__Supplied information__:
■ ■ ■ ■ ■

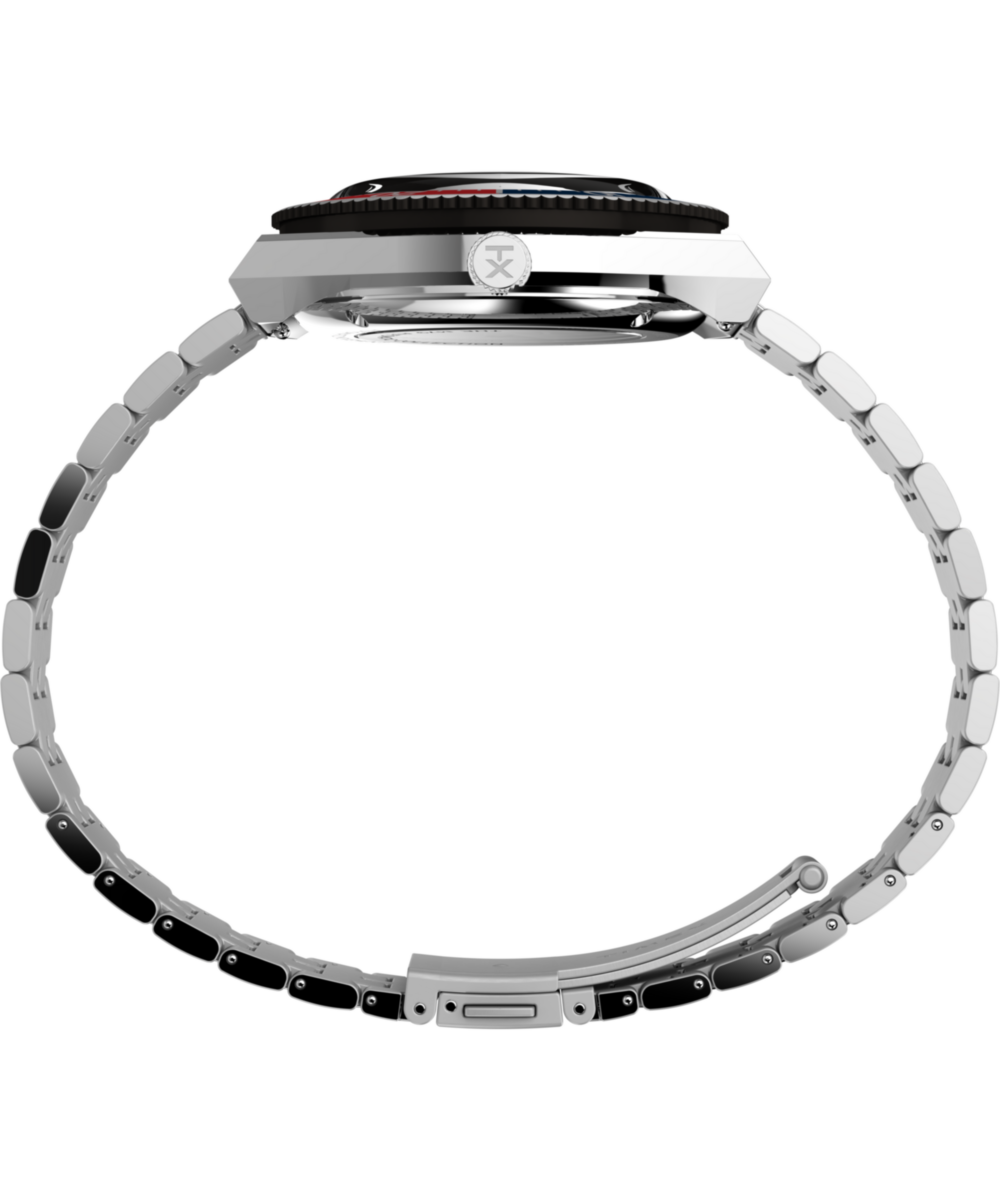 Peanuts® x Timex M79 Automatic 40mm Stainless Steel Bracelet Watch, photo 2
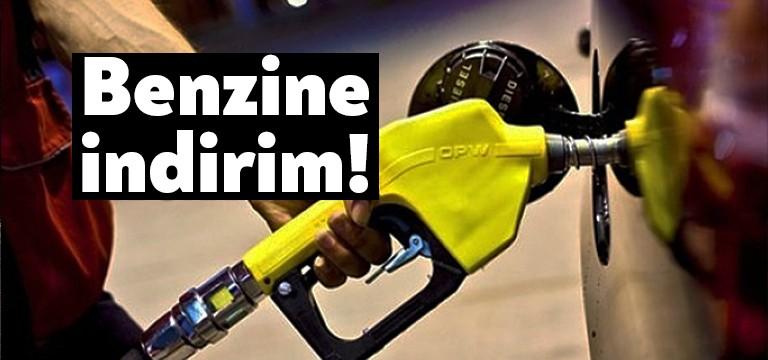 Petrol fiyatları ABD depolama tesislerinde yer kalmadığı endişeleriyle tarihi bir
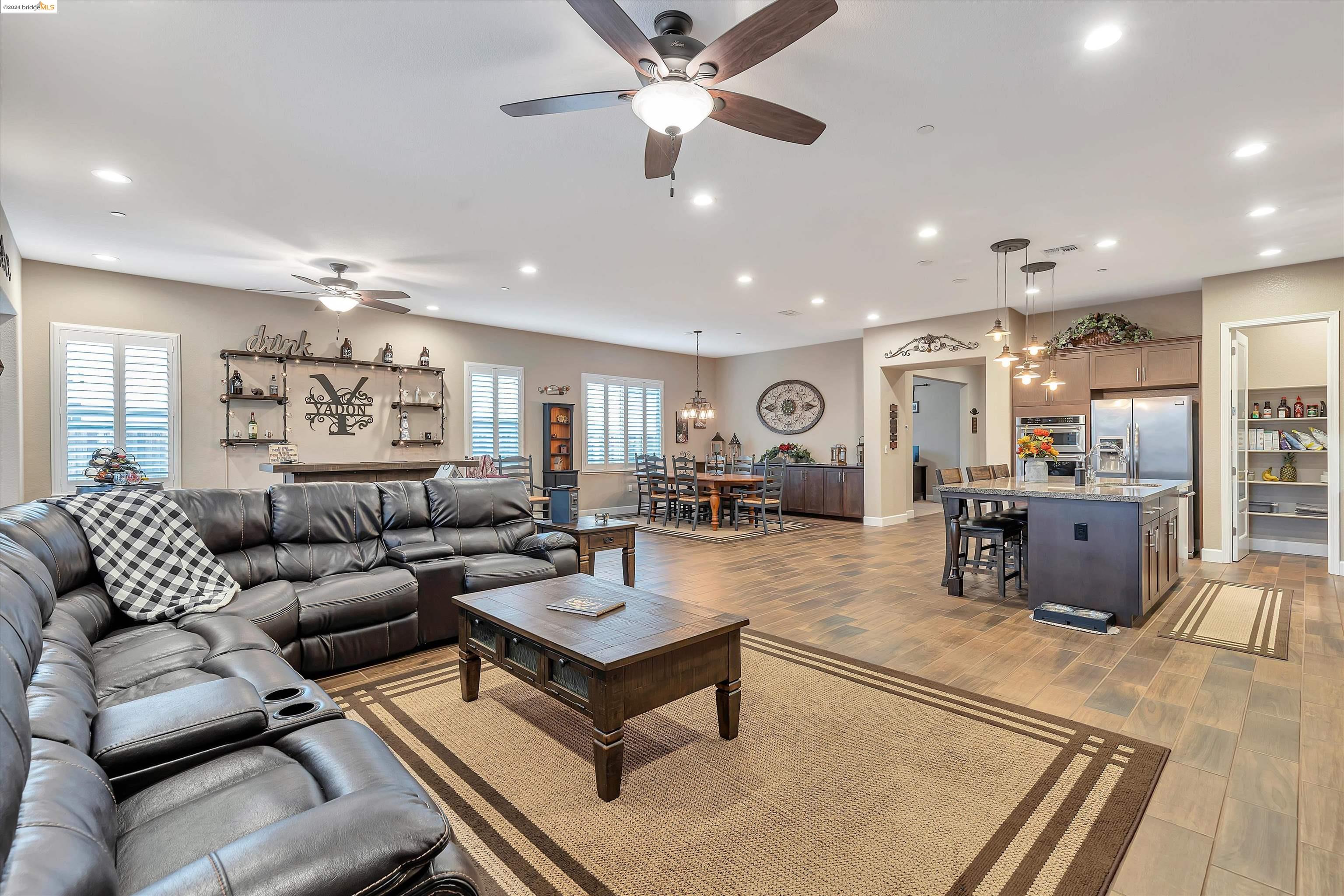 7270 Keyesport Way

■ ■ ■ ■ ■

__Instructions for the task__: In copying the material, drop all pictures and keep everything else identical.

__Result of the task__:
 Peanuts® x Timex M79 Automatic 40mm Stainless Steel Bracelet Watch, photo 2
 Petrol fiyatları ABD depolama tesislerinde yer kalmadığı endişeleriyle tarihi bir
 7270 Keyesport Way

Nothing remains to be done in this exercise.